# Very stupid stats question about significance values

I have a very basic stats about significance values and p-value.

Say I perform a test using 0.05 as the significnace level. Using this p < 0.05, I obtain say 20 000 significant points. Is it valid to say that 5% of these points, so 1000 points, could be false positives?

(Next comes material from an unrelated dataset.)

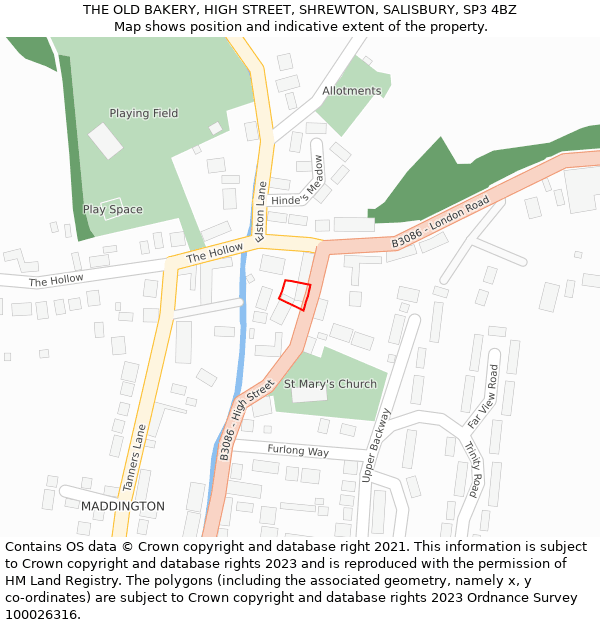 THE OLD BAKERY, HIGH STREET, SHREWTON, SALISBURY, SP3 4BZ: Location map and indicative extent of plot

Thanks in advance for your help

P.s I am familiar with multiple test correction

• That doesn't sound right; if you have 20,000 "significant points", wouldn't each of these be subject to the 0.05 error? Though perhaps I misunderstand what the "significant points" are or how they might be obtained. If you meant to say that if you repeated the experiment 20,000 times, and the null hypothesis really was correct, you could expect to see ~1000 test statistics as or more extreme than the value observed in the one test (the one where you got a $p$ value < 0.05.) – Gavin Simpson Feb 18 '15 at 1:15
• Can you clarify your question? Eg, what are the "significant points" you are referring to? – gung Feb 18 '15 at 1:25
• @gung, My interpretation is that she's talking about the classification based on significance levels, like what is used in biostatistics. Say you run a blood test, and p-value is used to classify it as positive or negative for a disease. – Aksakal Feb 18 '15 at 18:10

## 1 Answer

If the null hypothesis is true, then yes, you'd have 1,000 false positive. However, if your alternative is true, then no, moreover, you won't have any false positives.

Note, that your significance level $\alpha$ defines your Type I error rate. False positive rate needs one more input: the rate at which null is true. In your case, in order to tell what's the number false positives you need to know what is rate of true nulls. Let's say 10% of nulls are true, in this case you get: 20,000x0.05x0.1=100 false positives are expected.